» **TASK STATEMENT**:
Within the material below, locate the line with "ホンダ モンキー125 2026年モデル カラーオーダープラン 自賠責" and the line with "(금융제도의이해 4학년) 2008", then return those two lines and all lines between them, exactly as written.

» **RECORDED INFORMATION**:
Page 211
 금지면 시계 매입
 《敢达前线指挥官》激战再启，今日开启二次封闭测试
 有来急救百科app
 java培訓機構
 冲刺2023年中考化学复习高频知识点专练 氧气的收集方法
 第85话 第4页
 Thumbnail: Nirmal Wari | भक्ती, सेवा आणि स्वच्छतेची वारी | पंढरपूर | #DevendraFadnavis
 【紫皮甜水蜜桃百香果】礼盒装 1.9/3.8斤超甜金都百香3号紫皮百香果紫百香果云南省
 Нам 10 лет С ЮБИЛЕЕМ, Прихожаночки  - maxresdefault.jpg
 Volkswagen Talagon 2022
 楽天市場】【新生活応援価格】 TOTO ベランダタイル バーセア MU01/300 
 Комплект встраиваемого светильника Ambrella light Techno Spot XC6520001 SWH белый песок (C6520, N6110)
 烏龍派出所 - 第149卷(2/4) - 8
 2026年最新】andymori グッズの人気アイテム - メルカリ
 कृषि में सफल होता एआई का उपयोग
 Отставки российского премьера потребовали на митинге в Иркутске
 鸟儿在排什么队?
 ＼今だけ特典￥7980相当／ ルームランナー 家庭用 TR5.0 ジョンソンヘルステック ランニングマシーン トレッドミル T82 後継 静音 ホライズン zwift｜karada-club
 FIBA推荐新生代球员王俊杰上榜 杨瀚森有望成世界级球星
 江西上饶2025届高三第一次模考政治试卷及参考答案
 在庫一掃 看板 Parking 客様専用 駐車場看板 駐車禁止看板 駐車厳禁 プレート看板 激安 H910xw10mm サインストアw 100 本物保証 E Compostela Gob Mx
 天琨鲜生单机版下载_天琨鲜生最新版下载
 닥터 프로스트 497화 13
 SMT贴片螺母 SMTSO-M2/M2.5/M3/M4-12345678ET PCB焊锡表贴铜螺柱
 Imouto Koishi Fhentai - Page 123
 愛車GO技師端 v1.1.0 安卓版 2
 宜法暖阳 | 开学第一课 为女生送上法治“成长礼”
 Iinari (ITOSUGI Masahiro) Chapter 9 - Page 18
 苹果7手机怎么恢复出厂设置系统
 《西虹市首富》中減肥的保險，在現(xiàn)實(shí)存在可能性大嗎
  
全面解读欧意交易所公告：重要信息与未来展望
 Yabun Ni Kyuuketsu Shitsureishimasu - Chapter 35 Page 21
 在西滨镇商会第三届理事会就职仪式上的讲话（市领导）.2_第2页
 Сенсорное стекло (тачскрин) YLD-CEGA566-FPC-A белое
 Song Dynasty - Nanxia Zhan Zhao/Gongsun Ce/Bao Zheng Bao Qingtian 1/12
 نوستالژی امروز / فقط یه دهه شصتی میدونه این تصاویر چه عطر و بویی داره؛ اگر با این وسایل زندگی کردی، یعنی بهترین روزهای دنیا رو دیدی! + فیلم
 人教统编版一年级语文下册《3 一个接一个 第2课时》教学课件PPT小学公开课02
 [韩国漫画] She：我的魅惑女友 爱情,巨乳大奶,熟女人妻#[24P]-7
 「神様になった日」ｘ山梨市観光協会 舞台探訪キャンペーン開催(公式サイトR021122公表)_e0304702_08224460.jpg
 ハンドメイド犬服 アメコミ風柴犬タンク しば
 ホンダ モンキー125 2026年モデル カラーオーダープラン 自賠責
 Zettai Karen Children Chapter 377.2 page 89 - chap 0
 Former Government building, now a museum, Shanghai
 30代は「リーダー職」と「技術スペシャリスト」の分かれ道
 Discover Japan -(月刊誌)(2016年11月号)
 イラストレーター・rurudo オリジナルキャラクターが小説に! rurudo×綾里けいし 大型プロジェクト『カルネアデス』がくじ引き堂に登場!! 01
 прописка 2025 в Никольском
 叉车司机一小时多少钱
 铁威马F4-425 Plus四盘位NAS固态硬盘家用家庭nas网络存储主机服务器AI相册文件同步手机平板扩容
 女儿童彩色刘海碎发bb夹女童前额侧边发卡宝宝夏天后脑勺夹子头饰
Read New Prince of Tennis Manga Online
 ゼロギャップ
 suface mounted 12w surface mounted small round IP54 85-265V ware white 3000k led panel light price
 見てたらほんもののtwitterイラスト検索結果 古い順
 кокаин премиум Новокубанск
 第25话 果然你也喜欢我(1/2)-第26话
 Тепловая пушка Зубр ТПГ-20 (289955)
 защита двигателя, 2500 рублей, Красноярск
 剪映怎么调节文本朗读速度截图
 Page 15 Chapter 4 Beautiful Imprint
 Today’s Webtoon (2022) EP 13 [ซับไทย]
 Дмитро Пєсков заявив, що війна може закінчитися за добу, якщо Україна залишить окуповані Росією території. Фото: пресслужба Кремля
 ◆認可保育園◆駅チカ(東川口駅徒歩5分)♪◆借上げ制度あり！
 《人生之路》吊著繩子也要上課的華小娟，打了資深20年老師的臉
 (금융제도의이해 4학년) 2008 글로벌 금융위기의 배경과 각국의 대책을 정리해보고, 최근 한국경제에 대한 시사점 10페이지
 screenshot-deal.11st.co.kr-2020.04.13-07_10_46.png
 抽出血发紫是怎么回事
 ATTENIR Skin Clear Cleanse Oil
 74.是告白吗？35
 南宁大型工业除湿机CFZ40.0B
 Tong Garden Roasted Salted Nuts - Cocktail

» **EXERCISE SOLUTION**:
 ホンダ モンキー125 2026年モデル カラーオーダープラン 自賠責
 Zettai Karen Children Chapter 377.2 page 89 - chap 0
 Former Government building, now a museum, Shanghai
 30代は「リーダー職」と「技術スペシャリスト」の分かれ道
 Discover Japan -(月刊誌)(2016年11月号)
 イラストレーター・rurudo オリジナルキャラクターが小説に! rurudo×綾里けいし 大型プロジェクト『カルネアデス』がくじ引き堂に登場!! 01
 прописка 2025 в Никольском
 叉车司机一小时多少钱
 铁威马F4-425 Plus四盘位NAS固态硬盘家用家庭nas网络存储主机服务器AI相册文件同步手机平板扩容
 女儿童彩色刘海碎发bb夹女童前额侧边发卡宝宝夏天后脑勺夹子头饰
Read New Prince of Tennis Manga Online
 ゼロギャップ
 suface mounted 12w surface mounted small round IP54 85-265V ware white 3000k led panel light price
 見てたらほんもののtwitterイラスト検索結果 古い順
 кокаин премиум Новокубанск
 第25话 果然你也喜欢我(1/2)-第26话
 Тепловая пушка Зубр ТПГ-20 (289955)
 защита двигателя, 2500 рублей, Красноярск
 剪映怎么调节文本朗读速度截图
 Page 15 Chapter 4 Beautiful Imprint
 Today’s Webtoon (2022) EP 13 [ซับไทย]
 Дмитро Пєсков заявив, що війна може закінчитися за добу, якщо Україна залишить окуповані Росією території. Фото: пресслужба Кремля
 ◆認可保育園◆駅チカ(東川口駅徒歩5分)♪◆借上げ制度あり！
 《人生之路》吊著繩子也要上課的華小娟，打了資深20年老師的臉
 (금융제도의이해 4학년) 2008 글로벌 금융위기의 배경과 각국의 대책을 정리해보고, 최근 한국경제에 대한 시사점 10페이지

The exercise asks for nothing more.